Leistungsfähige Breitbandnetze zum schnellen Informations- und Wissensaustausch sind für wirtschaftliches Wachstum unabdingbar. Im digitalen Zeitalter nimmt die Online-Abwicklung kontinuierlich zu. Video-Chat-Konferenzen und Online-Shops gehören unter anderem zur Tagesordnung. Breitbandanschlüsse sind somit für Wirtschaft und Gesellschaft mittlerweile so bedeutend wie Straßen, Schienen, Flüsse und Kanäle sowie Wasser- und Stromverteilernetze. Breitband ist demzufolge ein wichtiger Standortfaktor für die Ansiedlung von Unternehmen und Familien.
Eine Studie der IHK für das Land Baden-Württemberg geht davon aus, dass im Jahr 2018 mindestens 169 Mbit/s benötigt werden. Einer Untersuchung der IHK Karlsruhe bestätigte, dass die Breitbandversorgung eine wesentliche Rolle für die Standortwahl von Unternehmen spielt.
Der Landkreis Spree-Neiße / Wokrejs Sprjewja-Nysa sowie die kreisangehörigen Ämter und Gemeinden streben gemeinsam eine flächendeckende, nachhaltige sowie stadt- und gemeindeübergreifende hochleistungsfähige Breitbandversorgung des gesamten Kreisgebietes nach „Next-Generation-Access“-Standard (NGA) an. Dieses Ziel soll im Weg einer interkommunalen Zusammenarbeit zwischen dem Kreis und den Ämtern beziehungsweise Gemeinden erreicht werden.
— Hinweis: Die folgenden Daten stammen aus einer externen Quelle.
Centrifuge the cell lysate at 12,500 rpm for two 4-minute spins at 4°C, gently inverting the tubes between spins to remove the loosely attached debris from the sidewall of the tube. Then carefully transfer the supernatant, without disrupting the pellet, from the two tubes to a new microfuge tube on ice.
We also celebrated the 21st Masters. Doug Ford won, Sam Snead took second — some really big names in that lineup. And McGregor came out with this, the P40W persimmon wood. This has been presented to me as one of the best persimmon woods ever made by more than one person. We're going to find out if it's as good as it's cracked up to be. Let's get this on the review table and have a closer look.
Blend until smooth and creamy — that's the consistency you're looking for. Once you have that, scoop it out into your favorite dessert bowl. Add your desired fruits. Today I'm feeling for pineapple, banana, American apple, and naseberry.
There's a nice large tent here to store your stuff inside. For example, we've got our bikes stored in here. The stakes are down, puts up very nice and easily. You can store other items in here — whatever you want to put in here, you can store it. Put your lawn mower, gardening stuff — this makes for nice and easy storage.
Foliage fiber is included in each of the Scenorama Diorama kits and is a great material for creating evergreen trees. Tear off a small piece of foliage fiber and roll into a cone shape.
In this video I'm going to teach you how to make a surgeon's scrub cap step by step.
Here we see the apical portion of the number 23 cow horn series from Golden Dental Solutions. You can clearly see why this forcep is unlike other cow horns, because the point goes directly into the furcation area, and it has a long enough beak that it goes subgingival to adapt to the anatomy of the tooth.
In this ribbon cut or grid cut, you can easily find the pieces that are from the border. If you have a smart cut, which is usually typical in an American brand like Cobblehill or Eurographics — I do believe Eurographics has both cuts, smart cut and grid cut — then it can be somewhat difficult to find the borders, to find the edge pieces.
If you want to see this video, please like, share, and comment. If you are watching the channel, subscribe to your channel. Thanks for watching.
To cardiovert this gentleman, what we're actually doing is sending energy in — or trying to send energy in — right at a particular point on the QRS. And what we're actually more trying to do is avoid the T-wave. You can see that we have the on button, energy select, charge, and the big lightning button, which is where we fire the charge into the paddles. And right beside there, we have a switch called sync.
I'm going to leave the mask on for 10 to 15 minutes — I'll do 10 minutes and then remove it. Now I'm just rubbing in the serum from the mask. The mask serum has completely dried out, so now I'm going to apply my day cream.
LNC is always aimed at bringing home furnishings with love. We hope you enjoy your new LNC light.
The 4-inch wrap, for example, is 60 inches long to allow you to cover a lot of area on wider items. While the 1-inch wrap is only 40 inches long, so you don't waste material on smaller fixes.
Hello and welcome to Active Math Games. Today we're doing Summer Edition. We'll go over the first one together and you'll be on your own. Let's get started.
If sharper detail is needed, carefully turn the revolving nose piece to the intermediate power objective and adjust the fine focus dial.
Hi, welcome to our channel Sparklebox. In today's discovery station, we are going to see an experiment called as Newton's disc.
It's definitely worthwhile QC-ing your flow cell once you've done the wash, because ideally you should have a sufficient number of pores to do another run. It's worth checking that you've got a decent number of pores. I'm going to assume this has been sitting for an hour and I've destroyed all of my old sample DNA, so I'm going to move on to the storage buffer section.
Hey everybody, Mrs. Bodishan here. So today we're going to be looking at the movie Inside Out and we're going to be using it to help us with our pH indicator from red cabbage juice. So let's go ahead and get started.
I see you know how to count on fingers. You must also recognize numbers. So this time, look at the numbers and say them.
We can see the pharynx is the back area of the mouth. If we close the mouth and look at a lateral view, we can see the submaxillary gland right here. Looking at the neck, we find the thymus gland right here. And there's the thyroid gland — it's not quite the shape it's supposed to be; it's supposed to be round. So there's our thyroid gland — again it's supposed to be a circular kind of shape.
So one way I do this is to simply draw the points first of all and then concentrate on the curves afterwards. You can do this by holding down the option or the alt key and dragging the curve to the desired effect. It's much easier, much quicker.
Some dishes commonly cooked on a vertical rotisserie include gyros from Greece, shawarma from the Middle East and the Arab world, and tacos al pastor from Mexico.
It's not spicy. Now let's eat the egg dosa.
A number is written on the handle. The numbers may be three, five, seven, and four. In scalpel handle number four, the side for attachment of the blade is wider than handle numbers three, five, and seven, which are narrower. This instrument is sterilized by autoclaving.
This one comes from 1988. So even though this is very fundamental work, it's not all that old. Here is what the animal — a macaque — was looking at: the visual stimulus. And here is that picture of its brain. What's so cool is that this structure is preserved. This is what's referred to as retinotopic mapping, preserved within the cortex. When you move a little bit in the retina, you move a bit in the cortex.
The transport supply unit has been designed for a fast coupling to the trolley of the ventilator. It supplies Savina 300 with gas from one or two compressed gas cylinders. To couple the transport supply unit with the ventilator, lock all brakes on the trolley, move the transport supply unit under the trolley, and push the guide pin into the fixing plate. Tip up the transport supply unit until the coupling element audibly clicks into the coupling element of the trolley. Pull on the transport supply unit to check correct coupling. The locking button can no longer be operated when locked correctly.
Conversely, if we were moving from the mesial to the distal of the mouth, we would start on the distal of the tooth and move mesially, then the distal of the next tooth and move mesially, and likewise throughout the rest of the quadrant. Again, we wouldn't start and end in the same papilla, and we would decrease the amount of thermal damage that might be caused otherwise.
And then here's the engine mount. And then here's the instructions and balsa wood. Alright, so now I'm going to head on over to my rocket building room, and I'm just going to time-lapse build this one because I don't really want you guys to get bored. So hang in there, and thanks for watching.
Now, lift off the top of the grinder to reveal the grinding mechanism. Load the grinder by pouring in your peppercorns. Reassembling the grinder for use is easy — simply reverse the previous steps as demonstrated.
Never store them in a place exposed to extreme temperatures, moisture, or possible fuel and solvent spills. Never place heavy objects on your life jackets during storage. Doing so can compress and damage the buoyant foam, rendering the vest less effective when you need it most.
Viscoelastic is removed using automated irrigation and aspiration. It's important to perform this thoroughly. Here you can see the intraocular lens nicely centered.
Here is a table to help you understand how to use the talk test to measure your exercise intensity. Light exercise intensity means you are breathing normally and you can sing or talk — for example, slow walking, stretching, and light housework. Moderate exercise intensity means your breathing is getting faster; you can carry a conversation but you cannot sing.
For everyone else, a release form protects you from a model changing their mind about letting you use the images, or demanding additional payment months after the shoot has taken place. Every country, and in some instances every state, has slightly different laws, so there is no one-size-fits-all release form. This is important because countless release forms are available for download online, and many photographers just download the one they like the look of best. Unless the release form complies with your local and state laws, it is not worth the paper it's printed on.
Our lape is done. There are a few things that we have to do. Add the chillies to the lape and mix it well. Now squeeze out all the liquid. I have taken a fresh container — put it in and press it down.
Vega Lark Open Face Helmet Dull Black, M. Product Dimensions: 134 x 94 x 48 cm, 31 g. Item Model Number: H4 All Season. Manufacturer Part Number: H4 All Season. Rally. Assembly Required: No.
  • Wir unterstützen die Schaffung schneller Internetzugänge für die Haushalte und Unternehmen im Landkreis Spree-Neiße / Wokrejs Sprjewja-Nysa.
  • Wir beraten die Kommunen über die technische Entwicklung und Förderungsmöglichkeiten.
  • Wir nehmen Hinweise entgegen, in welchen Regionen des Landkreises noch keine schnellen Internetzugänge vorliegen.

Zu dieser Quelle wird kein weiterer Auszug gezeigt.